I must admit, I have filler RIP stones on the edges of my cemetery...used more for effect and neat shape/silhouette than face value. Very few peeps look at those smaller stones, anyway. While you can lament the use of lame RIP stones to excess, I've seen homemade stones that were clearly labored over, only to have unreadable script or a font that is too small, or is poorly placed or lit, and you can't read it anyway.


----------



## fontgeek (Jul 24, 2006)

Have your stones get smaller and smaller the further away from they get from the viewer. Lining them up closer together, both side to side, and front to back will help. Forced perspective is a great way to make your cemetery seem bigger than it actually is, and the distant stones, as you have noted, won't be read.


----------



## Wildcat (Nov 3, 2007)

Since RIP is overdone,
Let's leave it alone.
Place an epitaph instead,
On your precious stone.

Funny serious or creepy,
The choice is up to you.
Just don't use Rest In Peace,
Or gothdj'll come for you.

Oh ya.


----------



## gothdj (Dec 25, 2011)

LOL, thank you Wildcat, I do not think i have ever had a limerick written for me  
I will agree that a few RIP's are ok, like maybe 1 in 5 or higher. And, I have even done the mistake of too small epitaph letters so as to have made it a lost gag, so many things can go wrong with them. My 'beef' is when the stones o RIP are in the majority. Like E A Poe wrote ... a word, written so many times so that it has lost its meaning. Tooth, tooth, tooth.


----------



## halloween71 (Aug 9, 2007)

I don't care how others do their haunts.I like ALL haunts and everything and every effort put into them.I enjoy seeing everyones work.I myself really don't like to get fancy with tombstones to me tombstones should be creepy but I do enjoy the real pretty ones.I don't thonk I have a rip one but alot of my filler ones are blank.All the others just include a name and date.But I enjoy them all so bring on the RIP ones.


----------



## jaege (Aug 23, 2009)

RIP is traditional, like say a skeleton, or a jack-o-lantern. Does the OP have either or both of those? If so, perhaps he should rethink them as they are "way over done". Just a thought.

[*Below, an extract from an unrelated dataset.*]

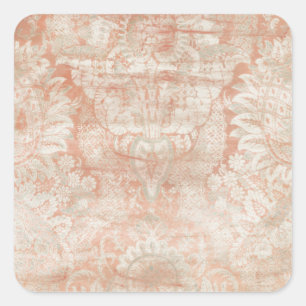 Garnet Weft Square Sticker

Of course I say this in complete jest and am not trying to sound superior or judgmental in any way.


----------



## Jaybo (Mar 2, 2009)

I can see your complaint. There are quite a lot of them around. When we first started we had lots of RIP stones and silly names. We now try to make our stones more realistic and use real names. Those early stones were "stepping" stones. *groan*

We still have a few of those stones, but we no longer like them and plan on either replacing them or redoing the stones. We try to keep them pushed to the back so they can't be read. Tastes change overtime.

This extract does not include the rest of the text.